Clemens also explained how mixing high levels of caffeine with alcoholic beverages can be dangerous for your body. "Based on what I've seen, I think it's a growing trend," he said. "For some young people, it's a form of expression. We are looking at another generation that is looking for a form of expression and experiments with over-the-counter products."
Julie B., a 27-year-old from Los Angeles, said she first experienced alcohol and Red Bull in Thailand. "It's the perfect drink because you get drunk, but you have a lot of energy," she said. "You just can't have too much. I have just one Red Bull a night. It's a drink of choice."
Adriana Alvarez, a 22-year-old California State University student, said she first heard of mixing Red Bull and vodka through word-of-mouth. "It's gives me a quick buzz."
Red Bull's Web site claims the product, "supplies tired minds and exhausted bodies with vital substances that have been lost, while reducing harmful substances. It provides immediate energy and vitamins."
These days, many teens and young adults choose to stock up on energy drinks such as Red Bull to keep them energized throughout the day and night. According to a Simmons Research poll, 31 percent of U.S. teens -- approximately 7.6 million -- said they consume energy drinks. On average, they consumed 5.3 glasses in the past 30 days.

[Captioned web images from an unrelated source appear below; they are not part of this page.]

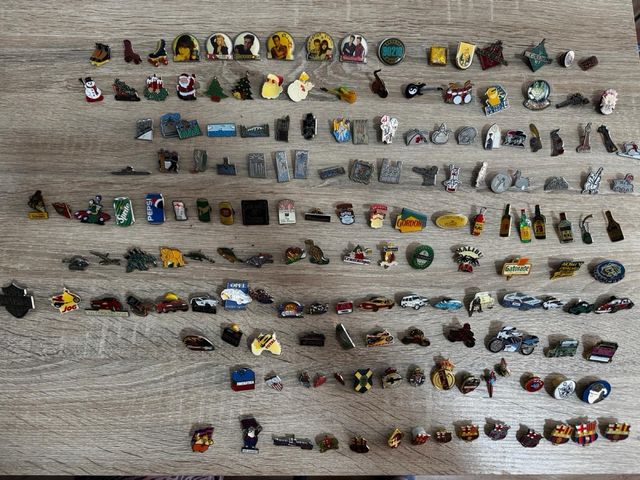Colección de Pines Variados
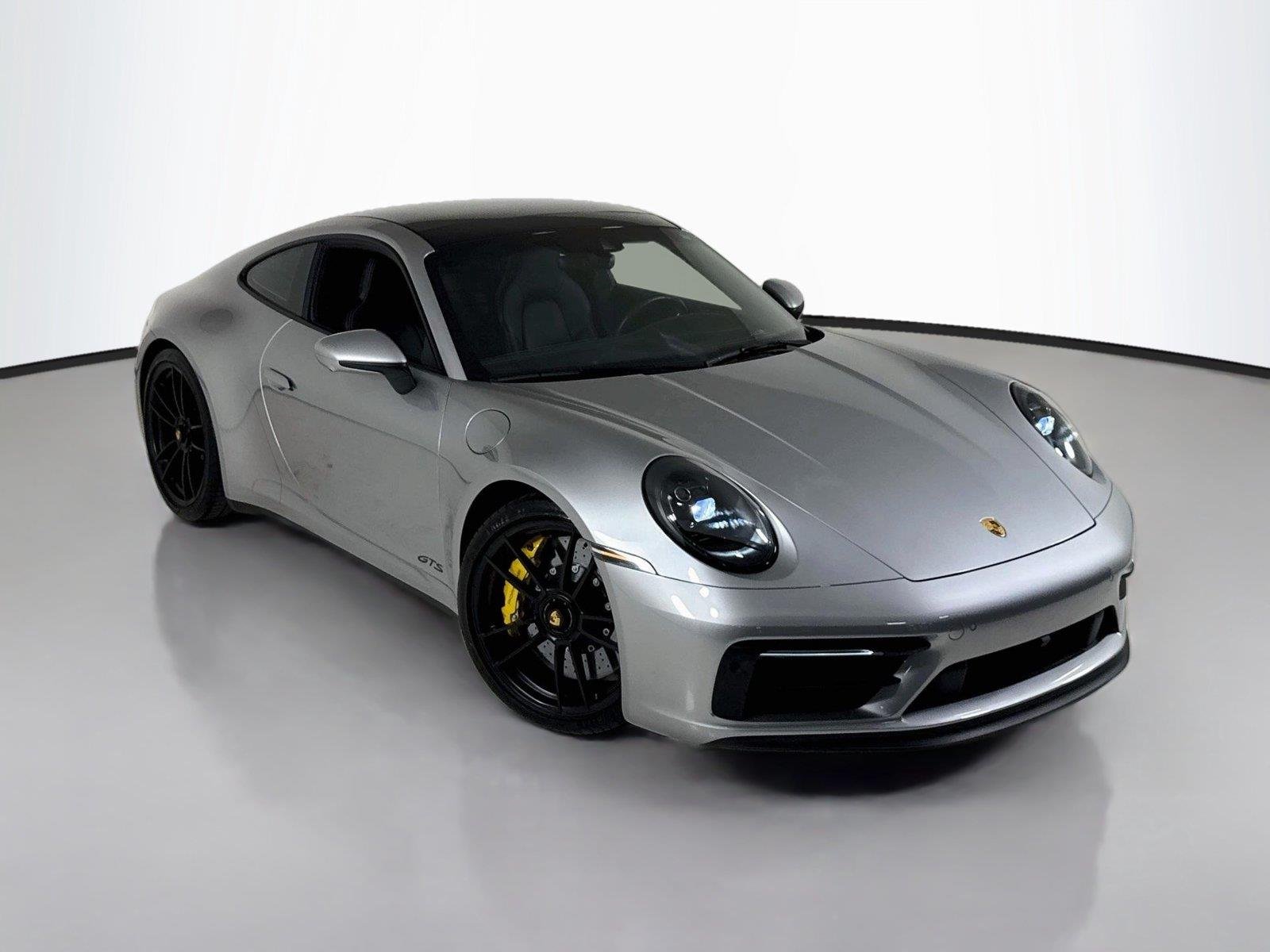 Used 2024 GT Silver Metallic Porsche Carrera GTS | Ceramic Brakes | Ventilated Seats | Only 4K Miles image 39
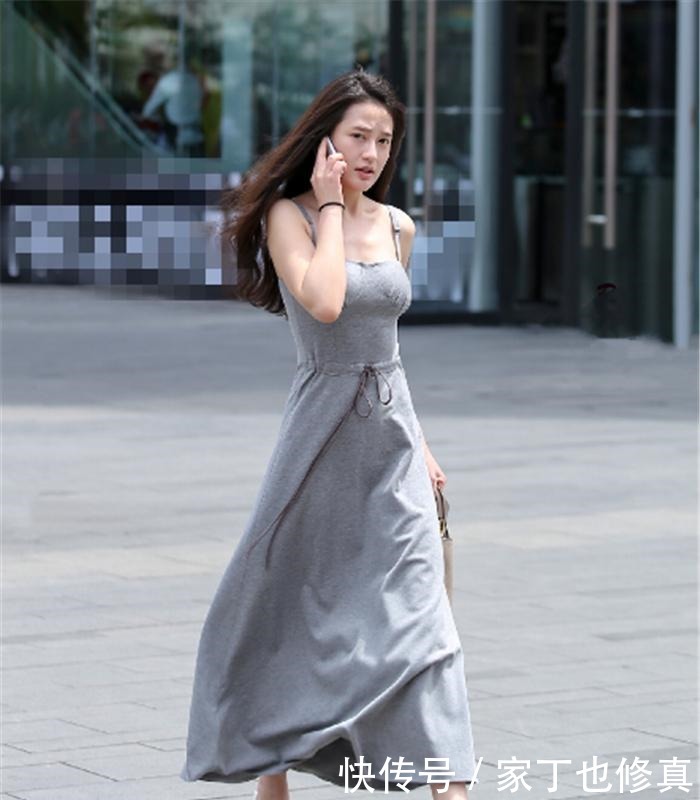  走路|穿上灰色连衣裙的街头美女，边打电话边走路的样子真的很美！
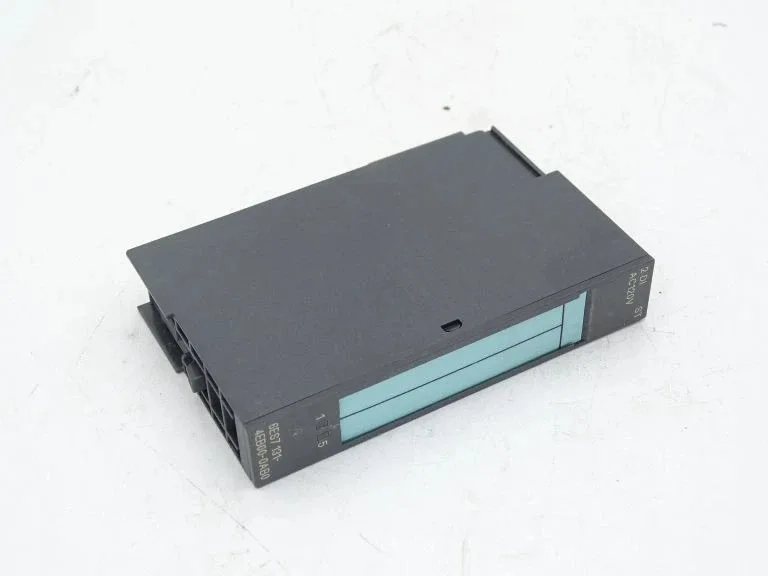 Siemens 6ES7131-4EB00-0AB0 Модуль ET-200 2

College students, on the other hand, consumed 5.6 glasses in the past 30 days.
An 8.3-ounce can of Red Bull contains 80 milligrams of caffeine, about the same amount of caffeine as in a cup of coffee. By comparison, Coca-Cola contains about 34 milligrams of caffeine per 12 ounces. Full Throttle energy drink contains 144 milligrams of caffeine per 16-ounce serving, while 16 ounces of Rockstar contain 150 milligrams of caffeine.
For a healthy adult, 200 to 300 milligrams of caffeine a day is considered a moderate amount, according to the American Dietetic Association.